The audience "popcorn meter" rating is 93%, based on more than 500 user ratings. Metacritic, which uses a weighted average, assigned the film a score of 45 out of 100, based on five critics, indicating "mixed or average" reviews.

Writing in The Hollywood Reporter, Daniel Fienberg called the film a "sensationalistic wolf in understated sheep's clothing" and opined that "almost nothing in The Age of Disclosure is 'new,' per se" but that the quality of its production values set it apart from similar films of the genre and that "some viewers will happily celebrate the fantasy, when it looks this legitimate". Fienberg dismissed it as "a basic cable exploitation doc done up with a fancy gloss", in which "nothing is proven, and thus nothing can be refuted". On Collider, Nate Richard wrote that "as we get further into the movie, the more ridiculous it gets", that it was "executed in the most bland way possible", and that "the pacing makes the movie feel like you're watching a college PowerPoint presentation". Richard's conclusion was that: "...the movie felt like it was made to be an echo chamber for those who already believe in UFOs. If the job of The Age of Disclosure was to convert skeptics, it failed." According to The Guardian reviewer Adrian Horton, the film, while being "serious and sourced", "has drawn gasps and criticism" with claims both "provocative and controversial". Writing for The New York Times, Ben Kenigsberg concluded of the film that "anyone who sits through its nearly two hours of unprovable claims is a chump".

==Responses==
===Participants===
In a December 2, 2025, episode of Hannity, host Sean Hannity opened his interview with United States Secretary of State Marco Rubio with what he said was a "fun question", asking him about The Age of Disclosure. Rubio, who appeared in the film, said he was concerned that "some adversary, another country for example, has developed some asymmetric capability for surveillance or the like for which we are not prepared," citing examples of drones or hot air balloons. Regarding how closely information was held, Rubio said:

You had people that came forward to us – some of these people were navy pilots, admirals, generals, whatever, that would come forward and say that there were programs in the U. S. Government that not even presidents were made aware of.

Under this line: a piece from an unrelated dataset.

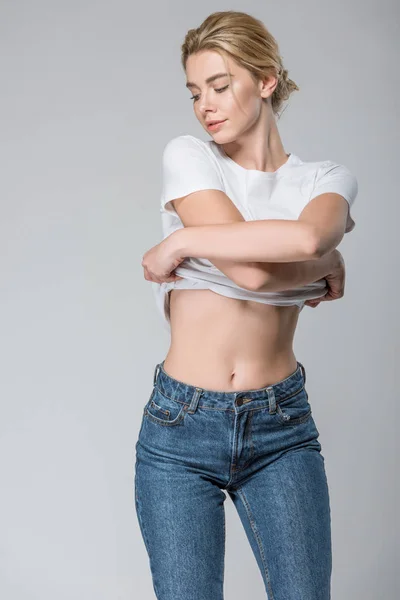 Молода жінка в джинсах і білій футболці роздягається ізольовано на сірому — стокове фото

Addressing the film's other interview subjects, Rubio said:

We have people with very high jobs in the U. S. government that are either, A: liars, B: crazy, or C: telling the truth. And two of those three options are not good. I don't have the answers. I don't want to call them liars. I just don't have any independent way to verify the things they've said.

===Scientists===
Joshua Semeter, a Boston University professor of electrical engineering who was a member of the NASA Unidentified Anomalous Phenomena Independent Study Team was skeptical of the film's allegations, "I have seen no evidence that the government has been hiding anything.... [U]ltimately, testimonies are simply not enough. They need to be backed up with evidence."

===Skeptics===
Jason Colavito, a researcher who has documented the connection between pseudoarchaeology and UFO beliefs, wrote that the film was like "an episode of Ancient Aliens with better production values... By the time the film is over, the viewer has seen no evidence that is new, no stories that had not been told many times before".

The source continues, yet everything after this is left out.